Jeanpyer Poëls nous a quittés...

Dans son dernier recueil paru chez Yves Perrine*, aux éditions La Porte, au premier trimestre 2018 :" La mort et la vie se mentent", Jeanpyer écrivait :

     "L'exténué s'éteint ou ne s'éteint
      pas, en l'occurrence.
      S'il survit et dit "Que la survie
      survive", le dire n'est certes pas une
      vraie bêtise."

Cette "remarque" qui vaut pour un poème est porteuse d'espoir, j'espère que vous la comprendrez bien. Elle ne fait pas plus de doutes que les lettres que nous avons pu échanger jusqu'à cette publication, où cette vue sur l'ailleurs se développait à mesure, avec le regret concomitant de ne pouvoir aller plus loin. Chez lui, pas de leurre néanmoins sur les tenants et aboutissants d'un monde d'abord préoccupé à consommer, pour qui la poésie "n'existe pas"  et voué à plus ou moins long terme à s'autodétruire. Amitiés partagées, Daniel Martinez

18/06/2018

Francisco de Quevedo y Villegas (1580-1645)

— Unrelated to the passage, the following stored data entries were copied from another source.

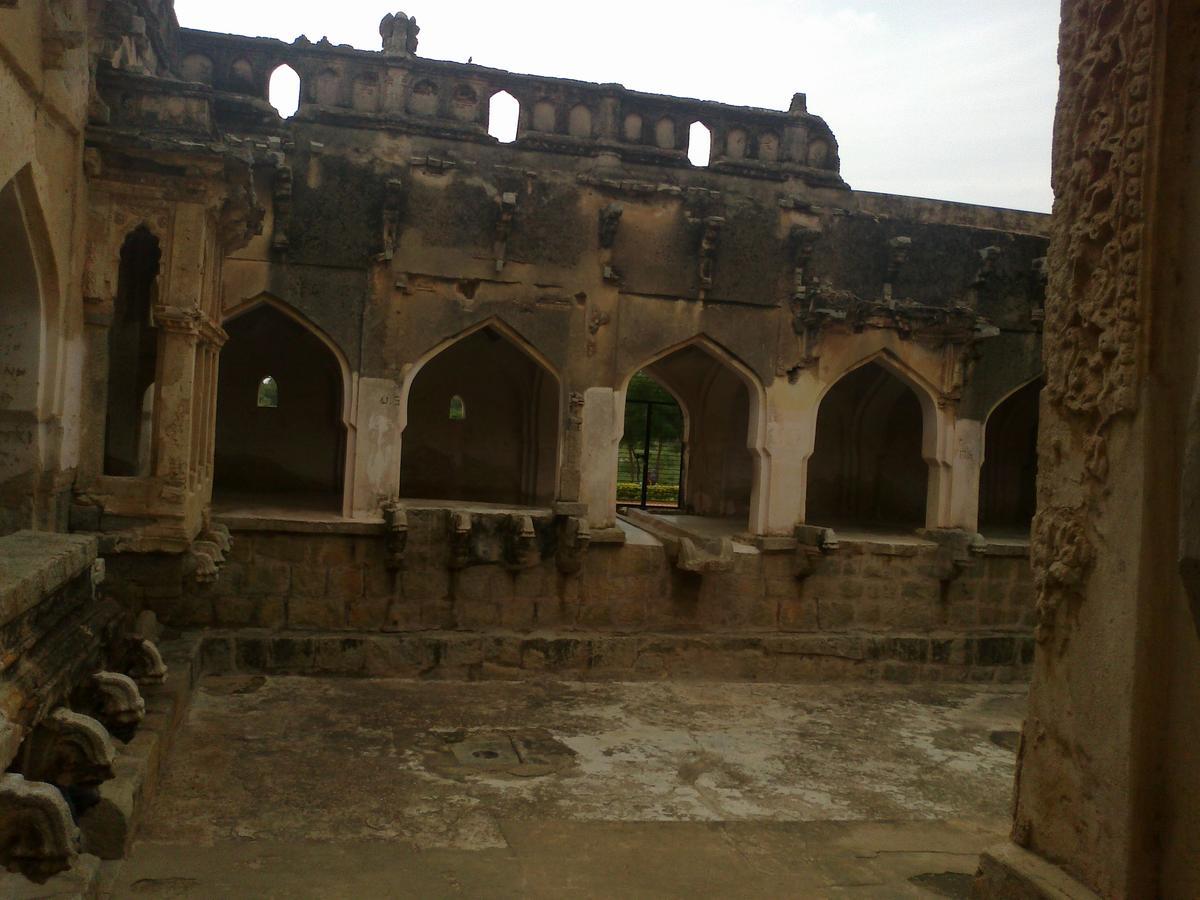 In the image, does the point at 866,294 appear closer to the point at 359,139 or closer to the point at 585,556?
the point at 585,556

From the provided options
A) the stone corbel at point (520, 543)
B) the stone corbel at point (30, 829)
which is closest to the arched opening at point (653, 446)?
the stone corbel at point (520, 543)

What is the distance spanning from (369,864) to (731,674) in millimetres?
5268

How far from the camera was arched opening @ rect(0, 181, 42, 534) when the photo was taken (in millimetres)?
5914

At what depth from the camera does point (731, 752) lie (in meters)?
7.25

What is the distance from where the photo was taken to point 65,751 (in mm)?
3977

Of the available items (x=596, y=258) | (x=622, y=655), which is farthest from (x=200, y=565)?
(x=596, y=258)

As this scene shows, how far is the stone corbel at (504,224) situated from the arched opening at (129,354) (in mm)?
2857

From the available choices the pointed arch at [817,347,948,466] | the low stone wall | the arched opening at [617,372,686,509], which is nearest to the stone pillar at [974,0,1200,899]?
the low stone wall

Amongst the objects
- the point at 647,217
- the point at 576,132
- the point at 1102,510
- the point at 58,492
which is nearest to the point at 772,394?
the point at 647,217

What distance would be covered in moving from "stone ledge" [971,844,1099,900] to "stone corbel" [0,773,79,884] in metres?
2.69

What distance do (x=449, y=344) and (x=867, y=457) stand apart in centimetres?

     Ho de la vie !... Personne qui réponde ?
     A l'aide, ô les antans que j'ai vécus !
     Dans mes années la Fortune a mordu ;
     Les Heures, ma folie les dissimule.


     Quoi ! sans pouvoir savoir où ni comment
     L'âge s'est évanoui et la vigueur !
     Manque la vie, le vécu seul subsiste ;
     Nulle calamité, autour, qui ne m'assiège.


     Hier s'en est allé, Demain n'est pas encore,
     Et Aujourd'hui s'en va sans même s'arrêter :
     Je suis un Fut, un Est, un Sera harassé.


     Dans l'aujourd'hui, l'hier et le demain, j'unis
     Les langes au linceul, et de moi ne demeurent
     Que les successions vives d'un défunt.

 

Francisco de Quevedo
Monuments de la mort
(Traduction Claude Esteban, Paris, Deyrolle, 1992)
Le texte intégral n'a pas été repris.